Default calling convention is __cdecl, which means the caller pushes parameters onto the stack right-to-left then cleans up the stack after the call returns.

So in your case, the caller:

  1. Pushes b
  2. Pushes a
  3. Pushes the return address
  4. Calls the function.

At this point the stack looks like this (assume 4 byte pointers for example, and remember the stack pointer travels backwards when you push things):

+-----+ <--- this is where esp is after pushing stuff
| ret | [esp]
+-----+
|  a  | [esp+4]
+-----+
|  b  | [esp+8]
+-----+ <--- this is where esp was before we started
| ??? | [esp+12 and beyond]
+-----+

Ok, great. Now the problem happens on the callee side.

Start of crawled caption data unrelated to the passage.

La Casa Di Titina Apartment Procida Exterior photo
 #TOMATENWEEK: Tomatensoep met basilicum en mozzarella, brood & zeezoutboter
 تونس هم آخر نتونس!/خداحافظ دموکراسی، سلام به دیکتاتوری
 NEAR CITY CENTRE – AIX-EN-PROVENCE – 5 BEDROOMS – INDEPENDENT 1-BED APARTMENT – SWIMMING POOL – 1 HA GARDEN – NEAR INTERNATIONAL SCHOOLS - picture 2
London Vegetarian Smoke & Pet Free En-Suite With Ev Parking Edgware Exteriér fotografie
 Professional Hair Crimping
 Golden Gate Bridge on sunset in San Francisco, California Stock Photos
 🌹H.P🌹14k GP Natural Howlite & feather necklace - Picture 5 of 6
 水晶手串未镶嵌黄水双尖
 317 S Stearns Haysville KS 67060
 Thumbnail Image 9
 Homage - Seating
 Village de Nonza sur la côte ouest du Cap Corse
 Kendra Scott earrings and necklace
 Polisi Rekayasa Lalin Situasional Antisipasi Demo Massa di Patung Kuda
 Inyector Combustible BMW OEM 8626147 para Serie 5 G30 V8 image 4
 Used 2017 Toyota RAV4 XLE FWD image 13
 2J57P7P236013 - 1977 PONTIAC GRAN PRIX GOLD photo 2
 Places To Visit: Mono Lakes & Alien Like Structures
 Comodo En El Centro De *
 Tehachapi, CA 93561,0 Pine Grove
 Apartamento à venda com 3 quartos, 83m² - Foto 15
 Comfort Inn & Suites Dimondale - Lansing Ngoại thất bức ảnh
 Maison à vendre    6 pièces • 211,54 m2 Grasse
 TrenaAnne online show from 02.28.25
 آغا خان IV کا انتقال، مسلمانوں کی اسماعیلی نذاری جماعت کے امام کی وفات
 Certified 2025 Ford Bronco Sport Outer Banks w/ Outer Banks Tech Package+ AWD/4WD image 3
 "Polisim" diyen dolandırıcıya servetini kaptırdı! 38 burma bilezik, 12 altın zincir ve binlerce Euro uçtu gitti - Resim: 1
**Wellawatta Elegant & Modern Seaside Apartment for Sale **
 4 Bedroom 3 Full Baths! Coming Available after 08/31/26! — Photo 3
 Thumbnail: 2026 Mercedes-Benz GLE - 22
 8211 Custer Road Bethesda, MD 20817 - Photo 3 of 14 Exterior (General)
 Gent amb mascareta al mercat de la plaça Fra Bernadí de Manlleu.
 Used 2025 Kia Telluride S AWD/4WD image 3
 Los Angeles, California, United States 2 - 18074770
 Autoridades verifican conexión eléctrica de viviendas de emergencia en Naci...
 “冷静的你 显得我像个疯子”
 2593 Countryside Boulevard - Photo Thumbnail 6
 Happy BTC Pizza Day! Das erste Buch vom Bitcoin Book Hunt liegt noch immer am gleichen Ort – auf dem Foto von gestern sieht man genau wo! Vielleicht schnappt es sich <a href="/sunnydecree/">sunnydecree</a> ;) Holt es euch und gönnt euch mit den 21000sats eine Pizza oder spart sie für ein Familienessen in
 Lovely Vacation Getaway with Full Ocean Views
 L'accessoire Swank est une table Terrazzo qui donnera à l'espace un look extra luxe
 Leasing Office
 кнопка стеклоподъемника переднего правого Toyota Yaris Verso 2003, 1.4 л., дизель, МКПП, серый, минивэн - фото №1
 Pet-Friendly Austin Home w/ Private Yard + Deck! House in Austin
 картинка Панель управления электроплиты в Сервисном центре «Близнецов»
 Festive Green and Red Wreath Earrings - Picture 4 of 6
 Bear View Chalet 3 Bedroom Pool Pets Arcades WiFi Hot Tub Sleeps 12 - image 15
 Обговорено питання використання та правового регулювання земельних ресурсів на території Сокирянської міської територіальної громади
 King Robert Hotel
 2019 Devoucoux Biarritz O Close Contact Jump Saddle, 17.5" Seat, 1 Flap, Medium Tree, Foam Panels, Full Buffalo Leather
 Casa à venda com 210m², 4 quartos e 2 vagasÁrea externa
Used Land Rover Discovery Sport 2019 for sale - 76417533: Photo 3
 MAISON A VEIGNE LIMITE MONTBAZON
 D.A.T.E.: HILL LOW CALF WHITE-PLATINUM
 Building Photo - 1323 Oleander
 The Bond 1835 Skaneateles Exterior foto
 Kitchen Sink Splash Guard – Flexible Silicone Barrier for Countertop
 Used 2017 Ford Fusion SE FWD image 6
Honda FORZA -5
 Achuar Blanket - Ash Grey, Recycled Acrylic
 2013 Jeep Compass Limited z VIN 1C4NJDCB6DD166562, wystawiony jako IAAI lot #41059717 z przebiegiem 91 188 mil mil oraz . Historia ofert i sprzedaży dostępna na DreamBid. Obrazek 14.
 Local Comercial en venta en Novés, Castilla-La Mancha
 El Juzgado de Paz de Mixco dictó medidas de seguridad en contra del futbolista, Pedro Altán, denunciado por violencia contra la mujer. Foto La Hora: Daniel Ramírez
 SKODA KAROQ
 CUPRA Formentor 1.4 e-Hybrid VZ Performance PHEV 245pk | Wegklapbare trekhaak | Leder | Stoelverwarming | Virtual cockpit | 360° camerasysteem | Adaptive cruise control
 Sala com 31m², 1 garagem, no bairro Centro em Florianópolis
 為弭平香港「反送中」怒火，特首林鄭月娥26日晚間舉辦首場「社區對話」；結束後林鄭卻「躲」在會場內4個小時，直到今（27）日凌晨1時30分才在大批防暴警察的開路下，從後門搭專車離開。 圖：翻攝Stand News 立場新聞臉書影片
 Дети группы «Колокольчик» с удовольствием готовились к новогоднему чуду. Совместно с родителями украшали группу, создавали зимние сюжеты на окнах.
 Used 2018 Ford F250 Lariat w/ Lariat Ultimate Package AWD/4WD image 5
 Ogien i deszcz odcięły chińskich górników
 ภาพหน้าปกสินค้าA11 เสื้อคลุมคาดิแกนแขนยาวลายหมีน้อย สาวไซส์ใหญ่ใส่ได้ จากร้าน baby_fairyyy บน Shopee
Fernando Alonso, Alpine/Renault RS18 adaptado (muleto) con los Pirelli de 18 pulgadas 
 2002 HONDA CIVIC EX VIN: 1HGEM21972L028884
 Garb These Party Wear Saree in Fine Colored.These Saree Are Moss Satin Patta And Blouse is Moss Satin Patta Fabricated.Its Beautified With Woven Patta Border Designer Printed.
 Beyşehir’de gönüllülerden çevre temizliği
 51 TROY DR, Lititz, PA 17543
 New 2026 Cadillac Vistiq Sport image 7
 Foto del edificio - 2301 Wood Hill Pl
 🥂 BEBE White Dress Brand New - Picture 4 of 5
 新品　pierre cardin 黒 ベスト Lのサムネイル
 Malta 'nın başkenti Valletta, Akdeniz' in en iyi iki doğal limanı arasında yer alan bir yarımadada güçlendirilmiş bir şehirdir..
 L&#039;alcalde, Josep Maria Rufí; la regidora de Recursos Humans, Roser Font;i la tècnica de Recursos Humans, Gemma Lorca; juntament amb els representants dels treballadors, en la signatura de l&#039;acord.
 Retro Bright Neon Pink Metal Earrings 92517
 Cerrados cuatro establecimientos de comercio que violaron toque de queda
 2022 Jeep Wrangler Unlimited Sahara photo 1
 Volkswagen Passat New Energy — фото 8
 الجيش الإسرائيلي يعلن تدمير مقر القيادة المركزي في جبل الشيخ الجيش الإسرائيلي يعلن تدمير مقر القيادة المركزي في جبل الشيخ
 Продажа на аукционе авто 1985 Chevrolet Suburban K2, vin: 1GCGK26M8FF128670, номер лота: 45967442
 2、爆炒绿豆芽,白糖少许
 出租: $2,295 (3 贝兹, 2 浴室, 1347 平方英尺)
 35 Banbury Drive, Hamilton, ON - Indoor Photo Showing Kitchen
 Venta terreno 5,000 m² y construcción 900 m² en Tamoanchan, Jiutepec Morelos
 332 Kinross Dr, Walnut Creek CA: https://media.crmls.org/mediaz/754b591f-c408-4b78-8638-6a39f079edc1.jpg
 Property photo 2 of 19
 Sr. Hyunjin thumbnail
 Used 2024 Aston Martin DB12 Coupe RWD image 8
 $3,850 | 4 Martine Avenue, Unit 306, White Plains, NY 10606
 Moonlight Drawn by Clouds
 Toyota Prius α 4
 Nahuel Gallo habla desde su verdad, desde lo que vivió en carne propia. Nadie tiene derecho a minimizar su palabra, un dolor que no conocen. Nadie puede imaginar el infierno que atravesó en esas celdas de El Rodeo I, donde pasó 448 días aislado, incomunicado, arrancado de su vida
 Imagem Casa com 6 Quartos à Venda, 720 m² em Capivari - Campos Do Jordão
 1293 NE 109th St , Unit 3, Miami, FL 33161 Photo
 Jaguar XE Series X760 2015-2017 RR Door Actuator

The callee is expecting parameters to be at certain locations on the stack, so:

  • a is assumed to be at [esp+4]
  • b is assumed to be at [esp+8]
  • c is assumed to be at [esp+12]

And this is where the issue is: We have no idea what's at [esp+12]. So the callee will see the correct values of a and b, but will interpret whatever unknown garbage happens to be at [esp+12] as c.

At that point it's pretty much undefined, and depends on what your function actually does with c.

After all this is over and the callee returns, assuming your program didn't crash, the caller will restore esp and the stack pointer will be back where it should be. So from the caller's POV everything is probably fine and the stack pointer ends up back where it's supposed to be, but the callee sees junk for c.

64-bit

The mechanics on 64-bit machines is different but the end result is roughly the same effect. Microsoft uses the following calling convention on 64-bit machines regardless of __cdecl or whatever (any convention you specify is ignored and all are treated identically):

  • First four integer or pointer arguments placed in registers rcx, rdx, r8, and r9, in that order, left-to-right.
  • First four floating-point arguments placed in registers xmm0, xmm1, xmm2, and xmm3, in that order, left-to-right.
  • Anything remaining is pushed to the stack, right-to-left.
  • The caller is responsible for restoring esp as well as restoring the values of all volatile registers after the call.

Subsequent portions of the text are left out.